If a resident paints the walls a custom color and fails to return them to the correct color before moving out, the resident is responsible for at least one if not two coats of paint (depending on the color), even if they lived in the home for more than two years. 


If a resident patches a hole where they had their TV, you can charge them for patching, sanding, and texturing the patch before and after two years. But not painting the patch if it’s after two years, as the courts would say you would have had to paint anyway. 


We also recommend that you paint like-for-like, meaning don’t paint with flat paint on top of semi-gloss. That flat paint will stick out like a sore thumb, especially if you are just spot painting. 


Blinds

Believe it or not, blinds have a lifespan as well, and they can vary slightly depending on the type and quality of the blinds. Another factor is sun damage. Blinds exposed to the hot sun day after day will break down sooner than those that are shaded for some or all day. The average lifespan for blinds is four years. Like the previous two categories, there is a proration to be done based on use and abuse. For example, blinds damaged by “reaching through” the blinds will be responsible to the resident. However, if the blinds are older than four years old, the judge will say, owner responsibility.


Misc. Items or Smaller Items

As mentioned at the beginning of the article, the courts are cracking down on smaller items, such as light bulbs and smoke detector batteries. When we first started in property management, residents would be responsible for ensuring all light bulbs were working when they moved out or that the smoke detector batteries were working. Now Judges say, “how do you know the bulb didn’t burn out when you flipped the switch on” or the “battery didn’t just die.” In reality, we can’t prove that the resident didn’t change the battery before moving out or that the bulb didn’t just burn out. Therefore, as an investor, it comes down to the cost of doing business.


Abuse and Damage

There are instances where the resident damages the property. Their dog digs a hole in the backyard or chews the sprinkler line. Holes in the window screens that were replaced before they moved in, screens are missing from the windows, smoke detectors missing, all fall under resident damage. These scenarios are the responsibility of the resident and will come out of their security deposit.


While it may not seem “fair” for the landlords to cover some of these repairs, it comes down to how the courts are ruling these days. We take a video of every room with audio narration, and we have done this since 1992, some 29 years ago, to make the best possible assessment.  This is why it is essential to consistently raise the rent moderately so you have money to pay for these repairs and improvements as long as the market will bear the increase.

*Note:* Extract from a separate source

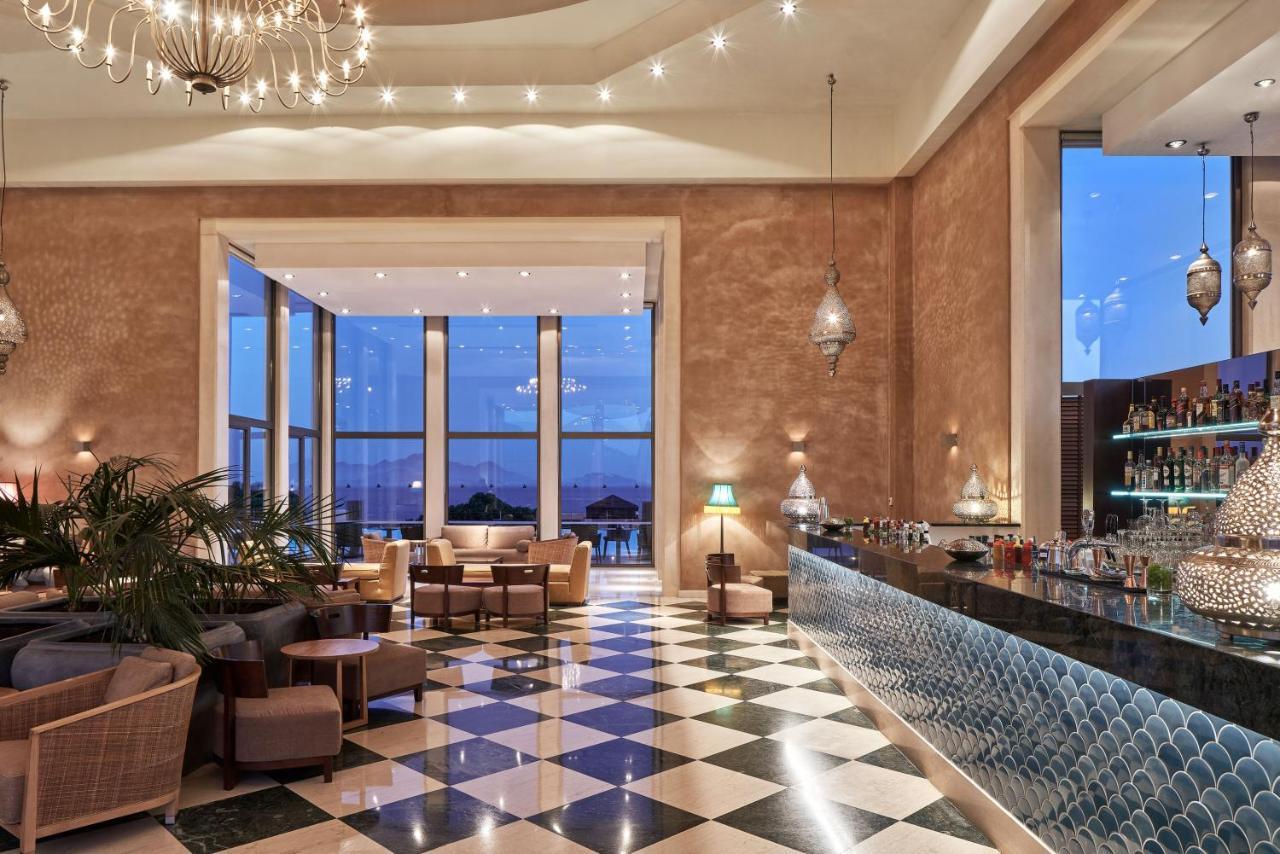 Atlantica Belvedere Resort - Adults Only Kardamena  المظهر الخارجي الصورة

A $50 a month increase each year in 6 years puts over $12,600 in your pocket. So, when it’s time for lease renewals, we encourage Landlords to go with our suggestion of a slight increase.


How to make sure you will have the money when you need it for repairs


I’ve written about this in other articles. Still, it’s worth mentioning again to set up a separate checking investment account, so when rents increase, one doesn’t squander the money away innocently. Still, nevertheless, it will be gone if you allow your monthly rent to be deposited in your checking account.  So open up a new checking account and call it investment checking this way as that $12,600 I spoke about will be there when you need it.